> [Data provided]:
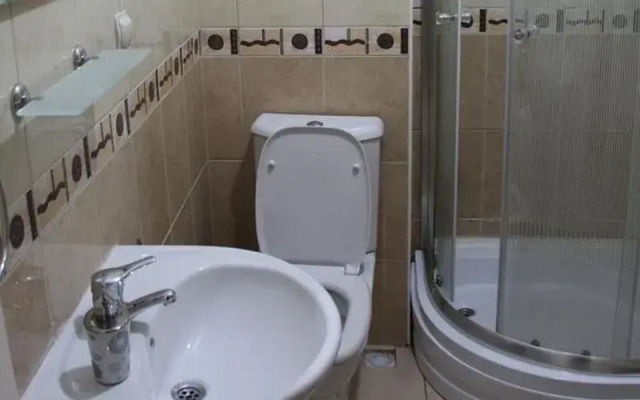 Kinzi House Apart Hotel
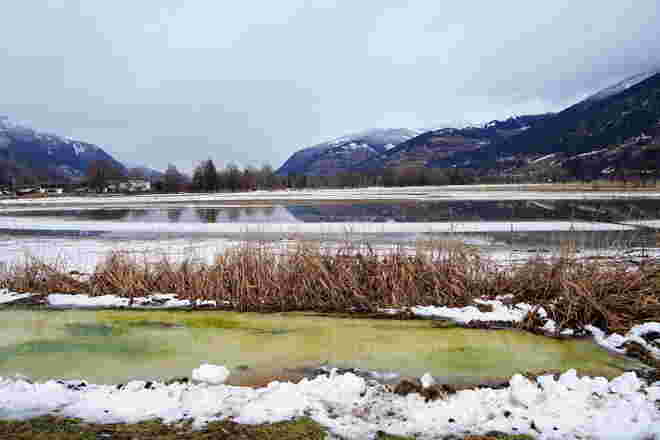 Die Loipen sind im Regenwasser "ertrunken"
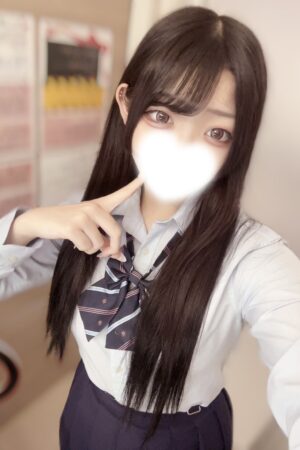 あいな(JK上がりたて18歳)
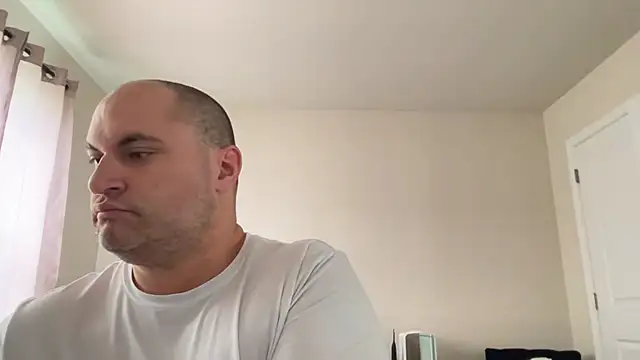 SluggishChase99 online show from 04/01/26, 01:12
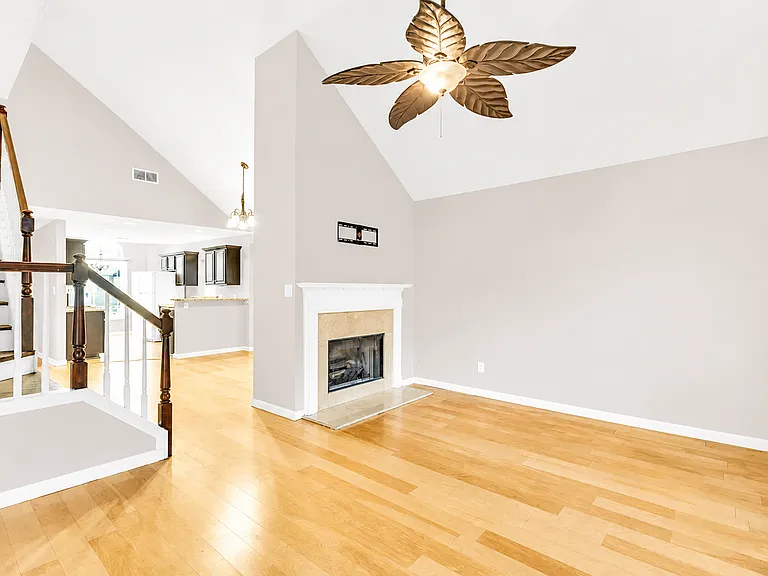 1264 Watercrest Cir — Photo 5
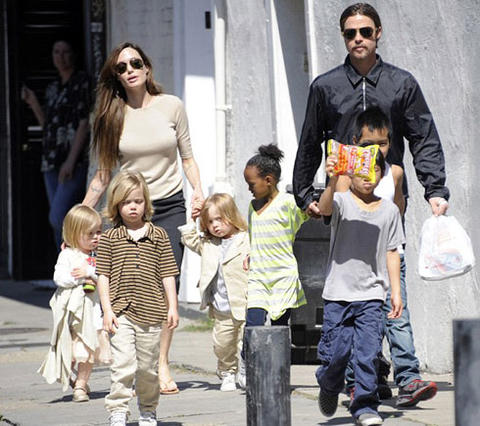 Cặp Jolie-Pitt sắp tan vỡ?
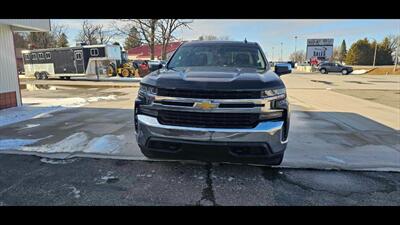 2020 Chevrolet Silverado 1500 LT   - Photo 8 - Spring Valley, MN 55975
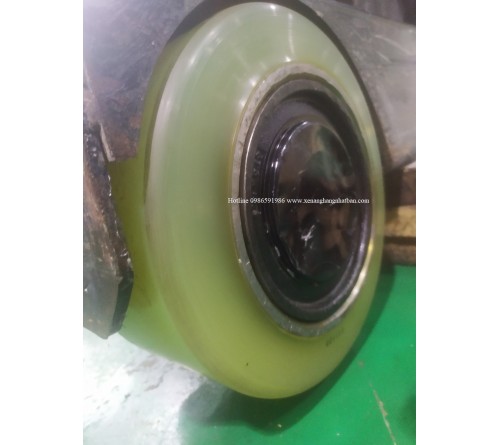 Thay bánh PU xe nâng điện đứng lái Toyota 2.5 tấn 8FBR25 tại nhà máy Nhựa tại Hải Dương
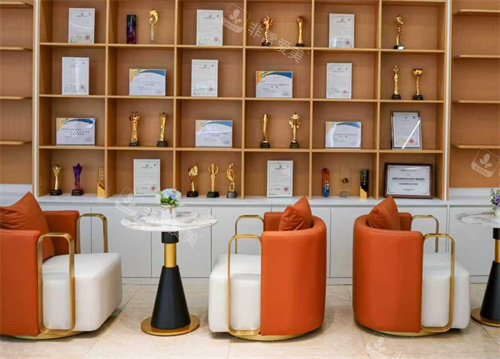 成都密爱天使医疗美容医院等候区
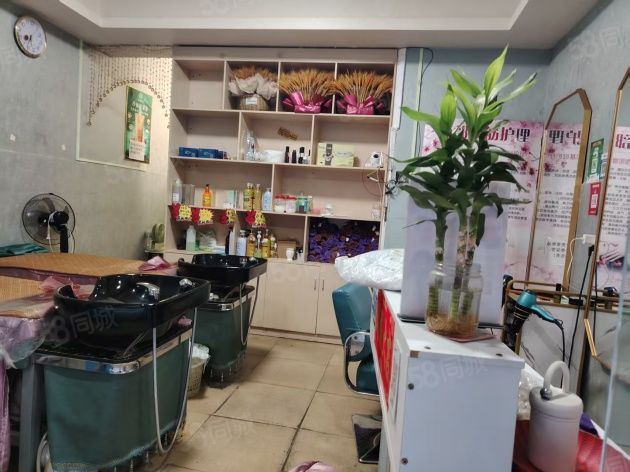 青秀区商铺 青秀区双拥路医科大附近35平临街头疗按摩店转让 实景图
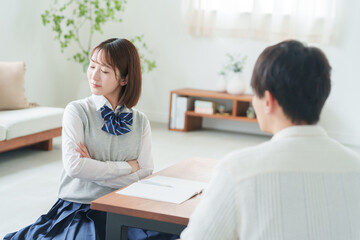 成績が悪くて親に怒られる高校生.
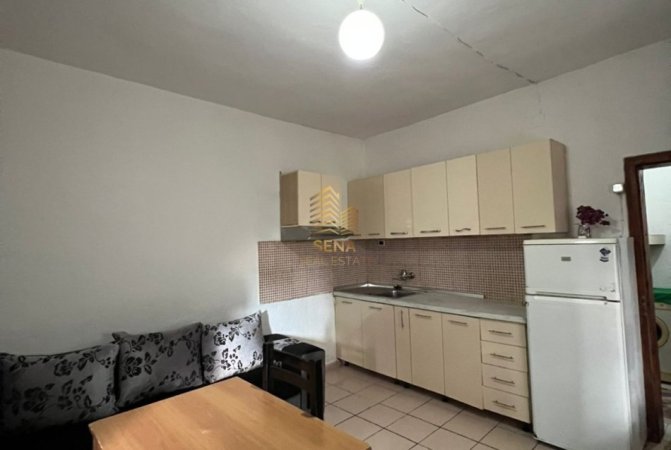 Tirane, jepet me qera Vile 1+1+Ballkon Kati 1, 65 m² 250 € (Prane Blackstone)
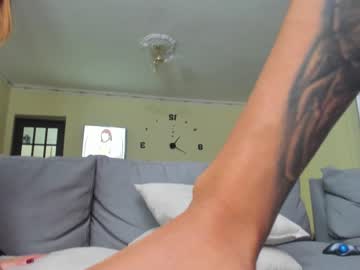 webcam couple cheeseburgerjesus live cam image #793865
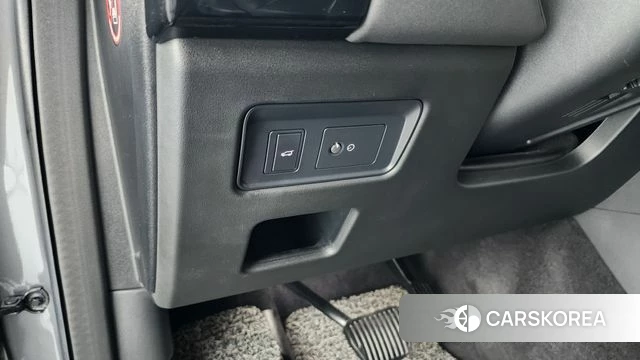 Land Rover Discovery 5 id 4937456 из Кореи 10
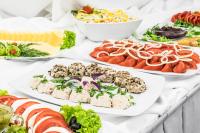 Jedlo v ubytovaní bed & breakfast alebo blízkom okolí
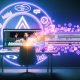 Kreativer YouTube-Creator am modernen Videoschnittplatz im Neonlicht mit offenen Timelines, Symbolen für Algorithmus, SEO und Analytics im 404 Magazine Signature-Stil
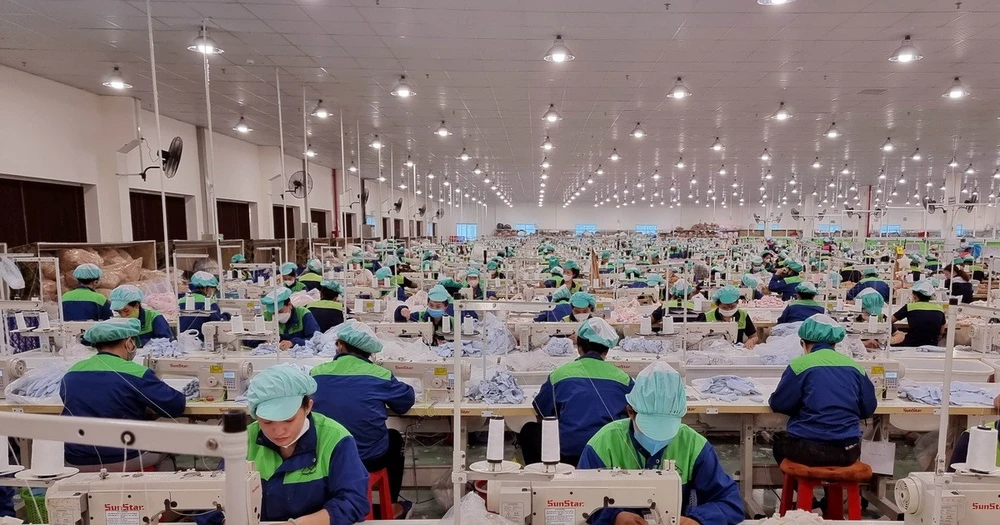 Hoạt động sản xuất tại doanh nghiệp khu công nghiệp Du Long (Thuận Bắc, Ninh Thuận). (Ảnh: Công Thử/TTXVN)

> [Assignment]:
A faithful copy of the records above, without images, is what to give back.

> [Answer for this exercise]:
 Kinzi House Apart Hotel
 Die Loipen sind im Regenwasser "ertrunken"
 あいな(JK上がりたて18歳)
 SluggishChase99 online show from 04/01/26, 01:12
 1264 Watercrest Cir — Photo 5
 Cặp Jolie-Pitt sắp tan vỡ?
 2020 Chevrolet Silverado 1500 LT   - Photo 8 - Spring Valley, MN 55975
 Thay bánh PU xe nâng điện đứng lái Toyota 2.5 tấn 8FBR25 tại nhà máy Nhựa tại Hải Dương
 成都密爱天使医疗美容医院等候区
 青秀区商铺 青秀区双拥路医科大附近35平临街头疗按摩店转让 实景图
 成績が悪くて親に怒られる高校生.
 Tirane, jepet me qera Vile 1+1+Ballkon Kati 1, 65 m² 250 € (Prane Blackstone)
 webcam couple cheeseburgerjesus live cam image #793865
 Land Rover Discovery 5 id 4937456 из Кореи 10
 Jedlo v ubytovaní bed & breakfast alebo blízkom okolí
 Kreativer YouTube-Creator am modernen Videoschnittplatz im Neonlicht mit offenen Timelines, Symbolen für Algorithmus, SEO und Analytics im 404 Magazine Signature-Stil
 Hoạt động sản xuất tại doanh nghiệp khu công nghiệp Du Long (Thuận Bắc, Ninh Thuận). (Ảnh: Công Thử/TTXVN)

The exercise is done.